I would go further to say if any HCP was involved in writing or approving the text should be reported to their professional body for professional incompetence.
An organ transplant is not a cosmetic surgery. I believe there has been at least one transplant performed on a woman, there are people doing research on males getting such transplants so its possible (in theory).
If the student did come across a male who had a transplant of both womb and birth canal (or just a womb) and was growing/birthing a baby in the UK its a Mengele level experiment, and the student (or fully qualified midwife) should be reporting to their legal and ethics committee not casually deciding to participating in the experiment.
Midwives should not be trained in such low ethics which allows the health system to carry out experiments on babies. The NHS Trust focus on "natrual birth" when surgical procedure was needed demonstrates a basic failure in ethical standards.

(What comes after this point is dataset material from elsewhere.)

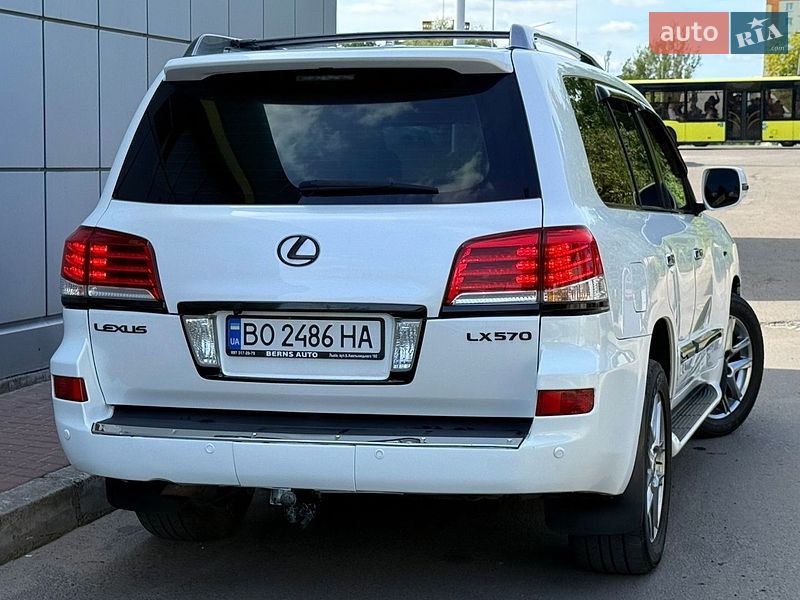 Позашляховик / Кросовер Lexus LX 2008 в Львові фото 67 Позашляховик / Кросовер Lexus LX 2008 в Львові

If it details how to manage a prostate it was not written for a woman's body as prostate can not be created in a cosmetic surgery on a female. If it was an actual prostate that would be an organ transplant and "poking" tubes into a organ transplant site may work but may not be the best first option.
If a female had cosmetic surgery they should have looked for specialist advice on post op dangers from scar tissue etc or at basics like will the female equipment work. If it was written for women who suffer from gender dystopia, who had cosmetic surgery and are giving birth it shows a low standard of care when the educational body can't even spend time to explain the correct basic biology and then build on how to give specialist care.